**EXCERPTED RECORDS:**
------------------------------------------------------------------------

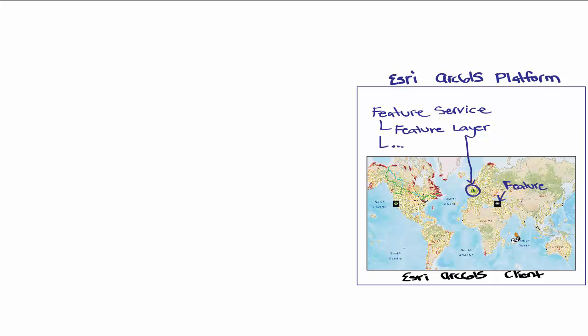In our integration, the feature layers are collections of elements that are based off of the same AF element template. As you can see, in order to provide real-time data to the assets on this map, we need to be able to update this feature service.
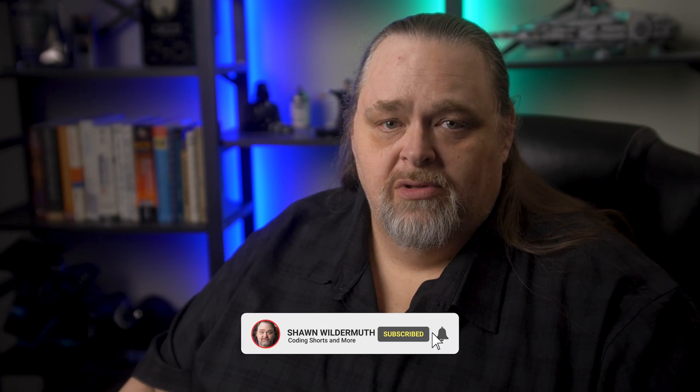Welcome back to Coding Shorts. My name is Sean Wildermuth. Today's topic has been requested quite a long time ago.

------------------------------------------------------------------------

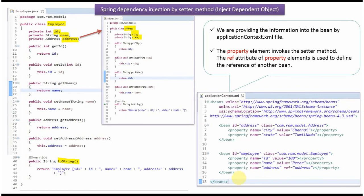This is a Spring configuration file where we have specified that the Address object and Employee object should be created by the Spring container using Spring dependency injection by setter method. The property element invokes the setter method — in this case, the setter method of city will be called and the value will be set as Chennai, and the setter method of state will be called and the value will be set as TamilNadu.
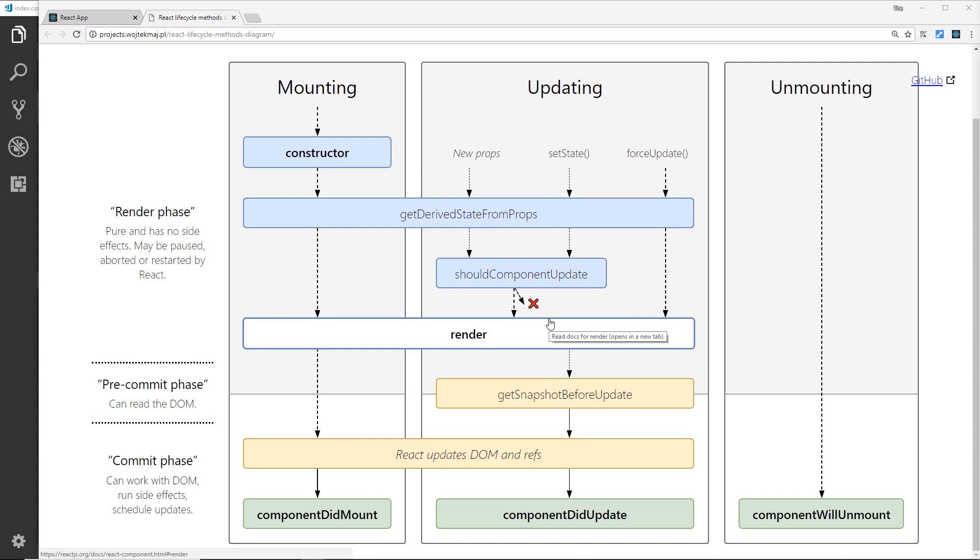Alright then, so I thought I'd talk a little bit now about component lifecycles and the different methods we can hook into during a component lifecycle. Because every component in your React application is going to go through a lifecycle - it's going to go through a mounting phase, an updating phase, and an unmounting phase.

------------------------------------------------------------------------

**WHAT TO WORK ON:** Return only the stretch above from the line containing "In our integration, the" through the line containing "Welcome back to", word for word and without pictures.

**ANSWER FOR THE TASK:**
In our integration, the feature layers are collections of elements that are based off of the same AF element template. As you can see, in order to provide real-time data to the assets on this map, we need to be able to update this feature service.
Welcome back to Coding Shorts. My name is Sean Wildermuth. Today's topic has been requested quite a long time ago.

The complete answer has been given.